§ **Items listed in a dataset**:
⟨
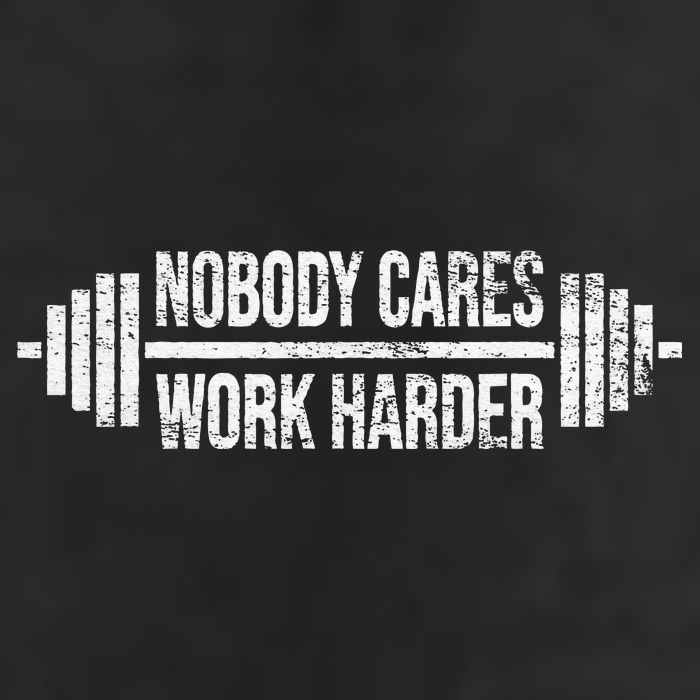 NOBODY CARES WORK HARDER BARBELL WEIGHT TRAINING 11oz C Handle Ceramic Mug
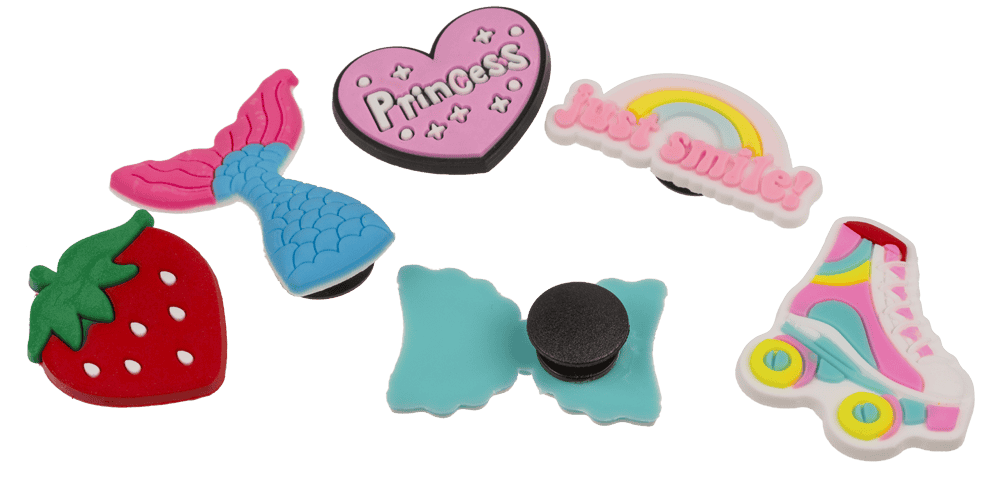 Charm Pencil Case, Sun Shoe, 20,5 x 8 cm,silicone,
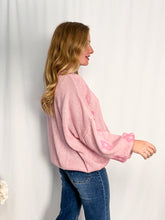Afbeelding in Gallery-weergave laden, Cozy Flower Sweater - double pink
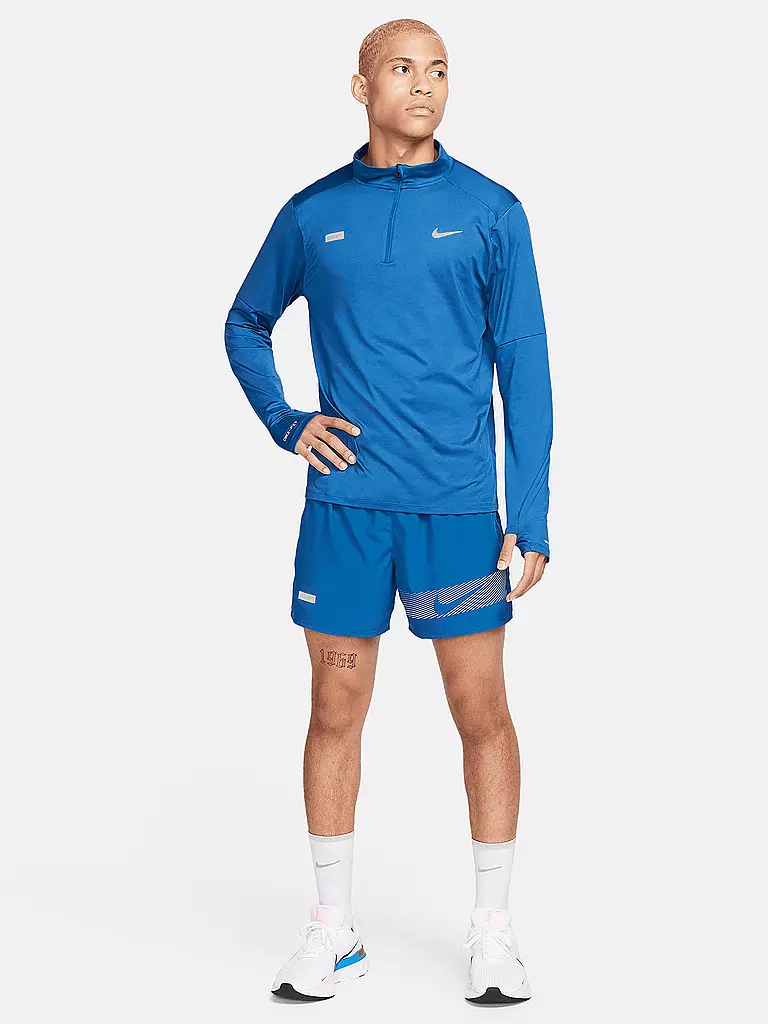 NIKE | Maillot de running homme Flash Dri-FIT | Bleu foncé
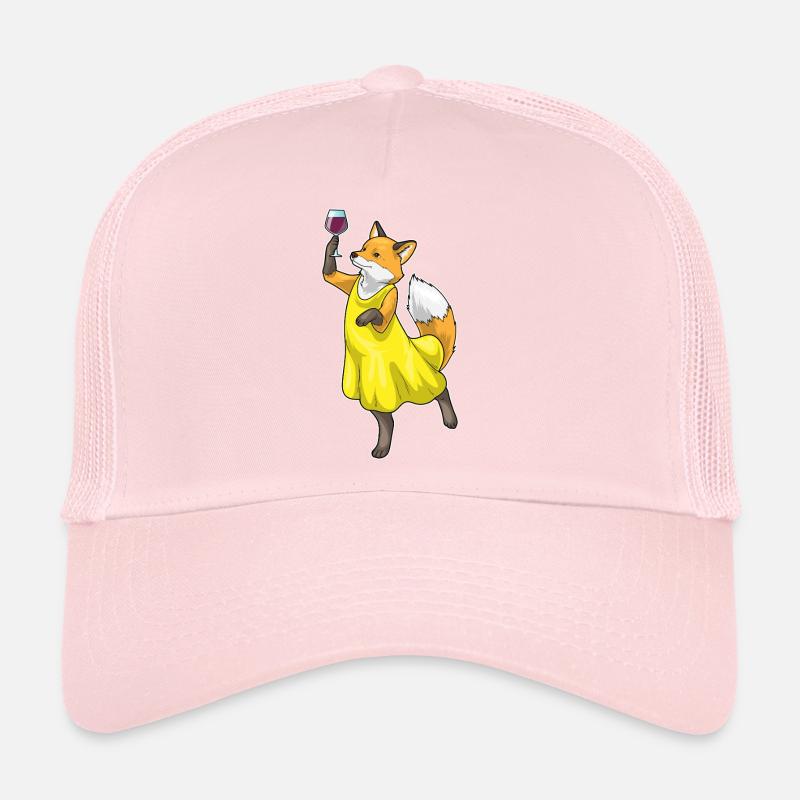 Fuchs Red Wine Trucker Cap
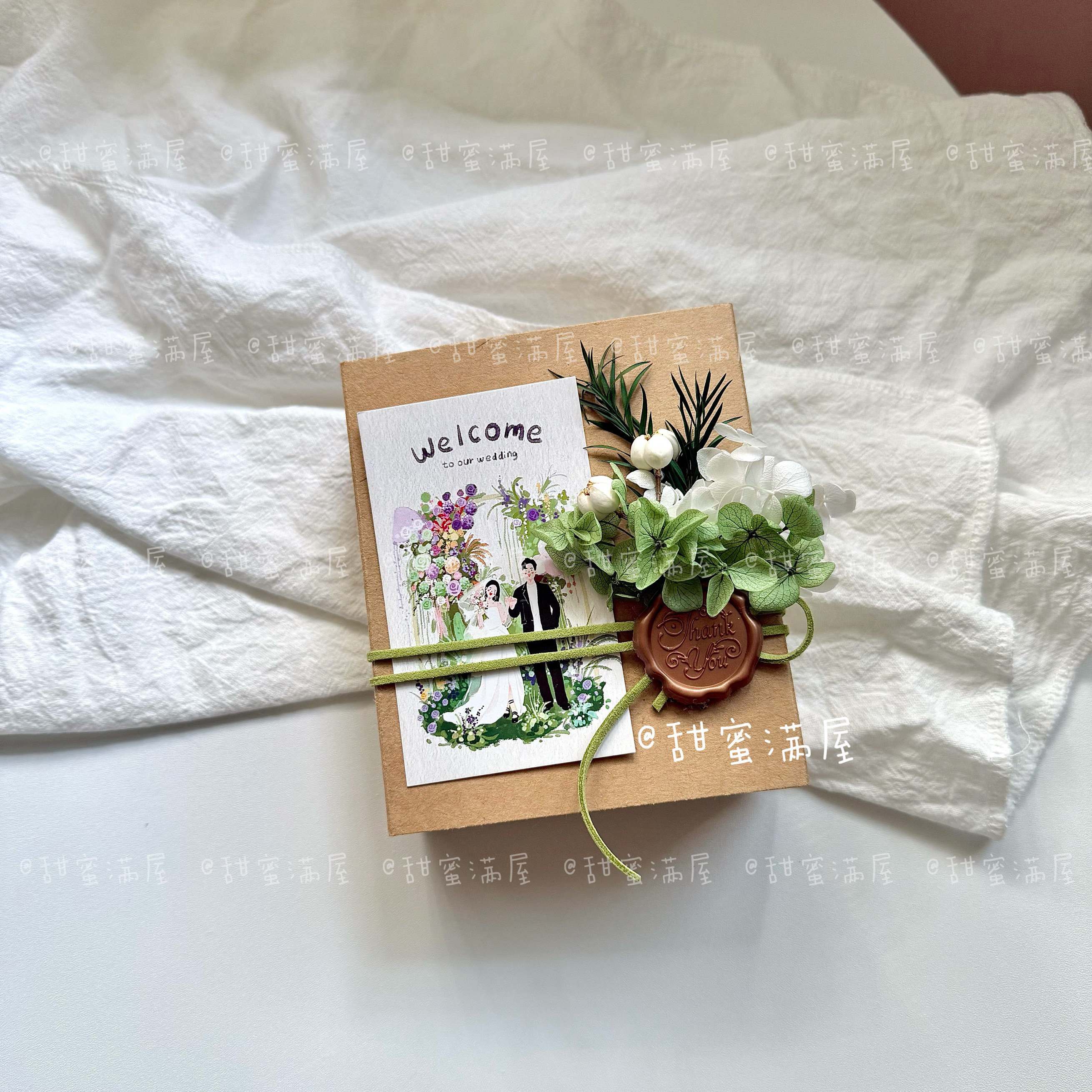 原创牛皮纸森系小清新订婚喜糖盒新款结婚糖盒简约复古婚礼免折叠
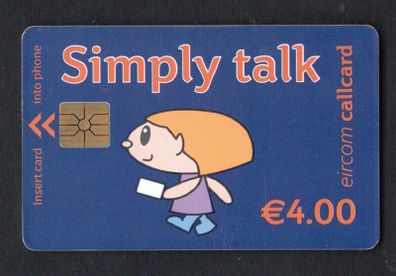 2002 Ireland EUR4 Simply Talk final definitive range (Gemplus) Call Card used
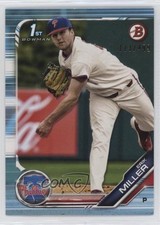 2019 Bowman Draft Sky Blue 173/499 Erik Miller #BD-191 0e3u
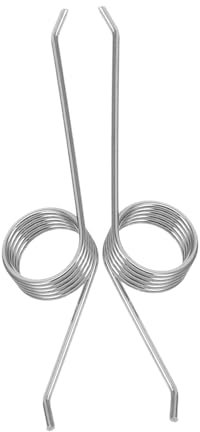 MERRYHAPY 2pcs Trash Bucket Lid Spring Replacement Torsional Springs for Flip Lid Bin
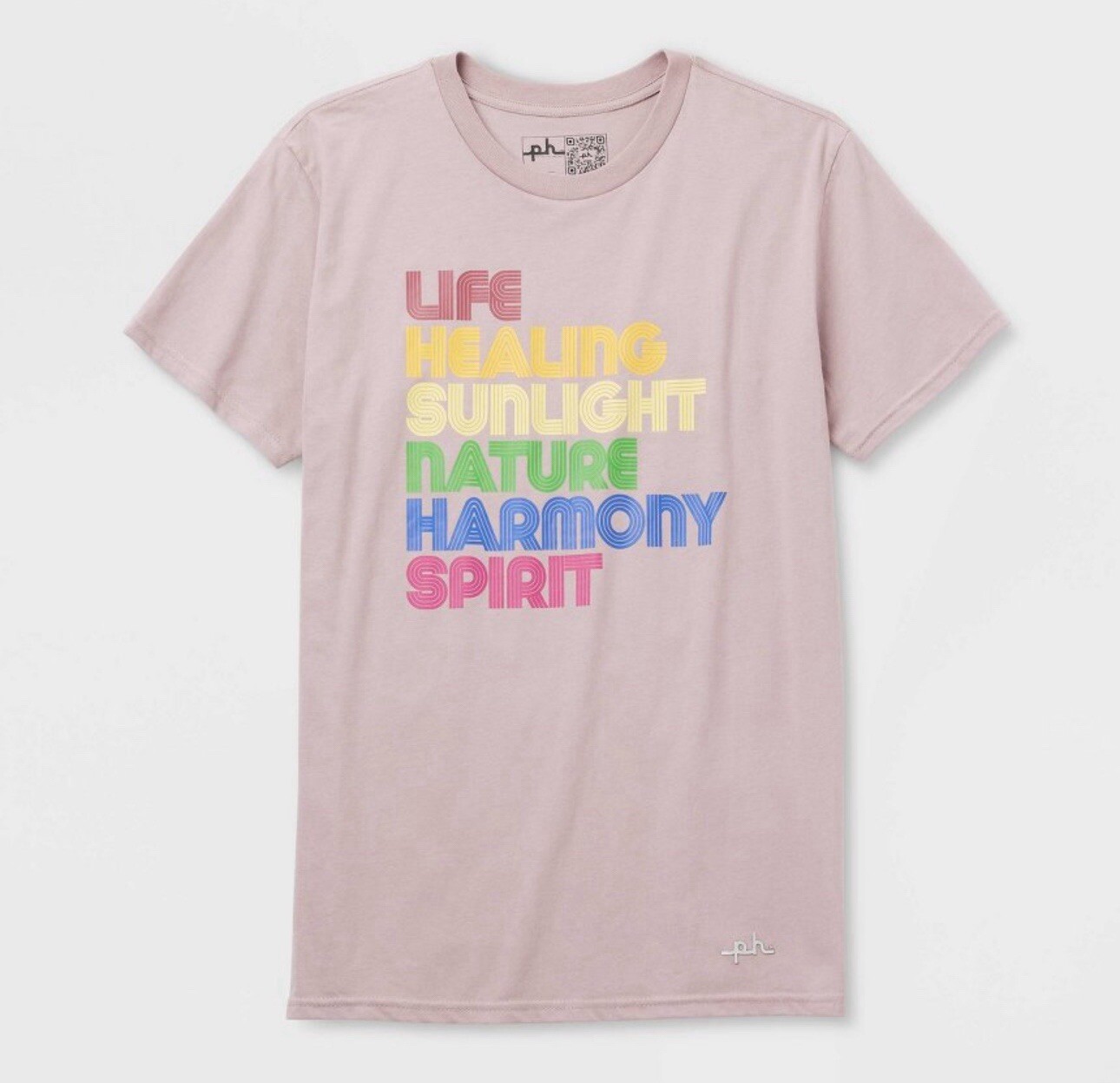Pride Adult The PHLUID Project Short Sleeve Rainbow Meaning T-Shirt – Pink 2X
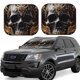 thumbnail image 1 of Fotbe Gold Pattern Black Skull Juego de 2 Piezas de Parasoles para Parabrisas | Bloqueador Solar para Auto | Accesorios Plegables para Protección Solar Interior-Medium, 1 of 6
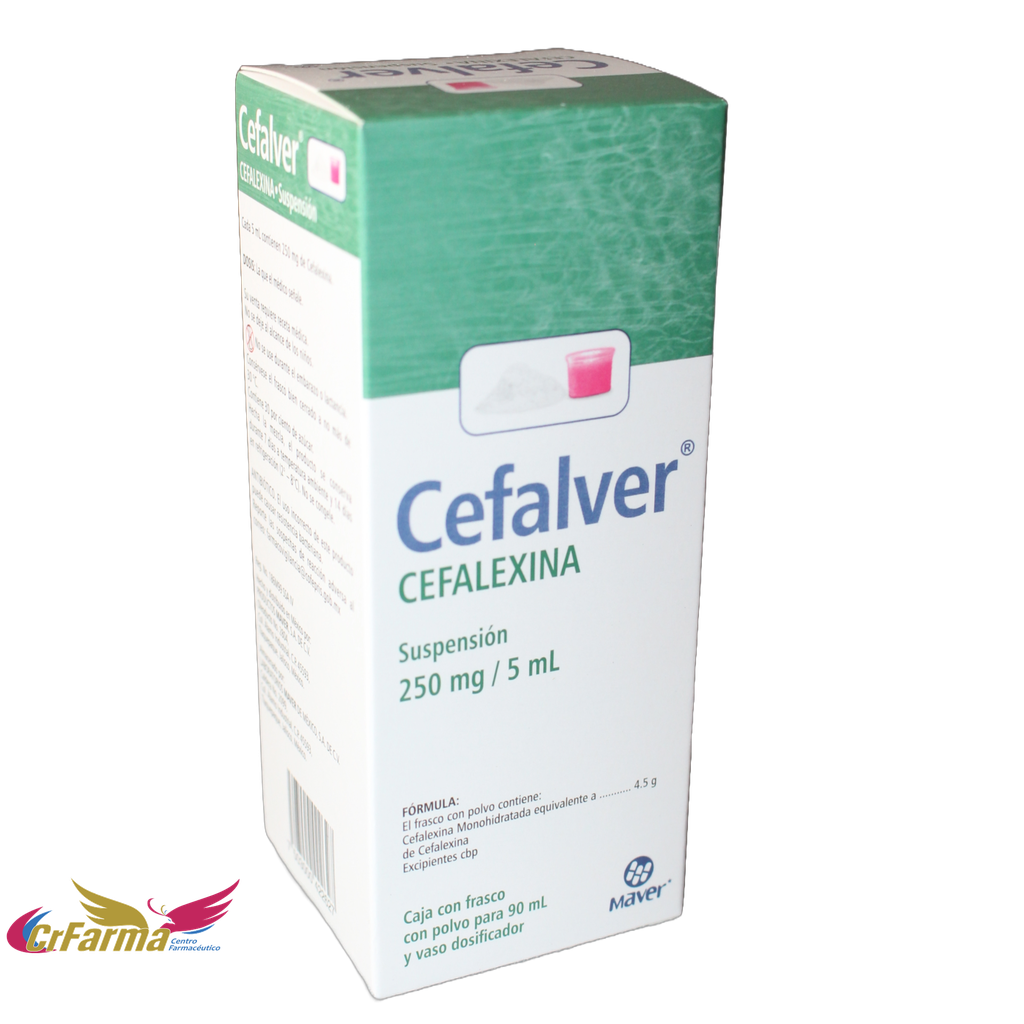 CEFALVER SUSPENSION 250 MG C/90 ML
⟩
§ **Task objective**: The reply must match the records exactly, apart from the pictures, which are left out.

§ **Worked solution**:
 NOBODY CARES WORK HARDER BARBELL WEIGHT TRAINING 11oz C Handle Ceramic Mug
 Charm Pencil Case, Sun Shoe, 20,5 x 8 cm,silicone,
Afbeelding in Gallery-weergave laden, Cozy Flower Sweater - double pink
 NIKE | Maillot de running homme Flash Dri-FIT | Bleu foncé
 Fuchs Red Wine Trucker Cap
 原创牛皮纸森系小清新订婚喜糖盒新款结婚糖盒简约复古婚礼免折叠
 2002 Ireland EUR4 Simply Talk final definitive range (Gemplus) Call Card used
 2019 Bowman Draft Sky Blue 173/499 Erik Miller #BD-191 0e3u
 MERRYHAPY 2pcs Trash Bucket Lid Spring Replacement Torsional Springs for Flip Lid Bin
Pride Adult The PHLUID Project Short Sleeve Rainbow Meaning T-Shirt – Pink 2X
 thumbnail image 1 of Fotbe Gold Pattern Black Skull Juego de 2 Piezas de Parasoles para Parabrisas | Bloqueador Solar para Auto | Accesorios Plegables para Protección Solar Interior-Medium, 1 of 6
 CEFALVER SUSPENSION 250 MG C/90 ML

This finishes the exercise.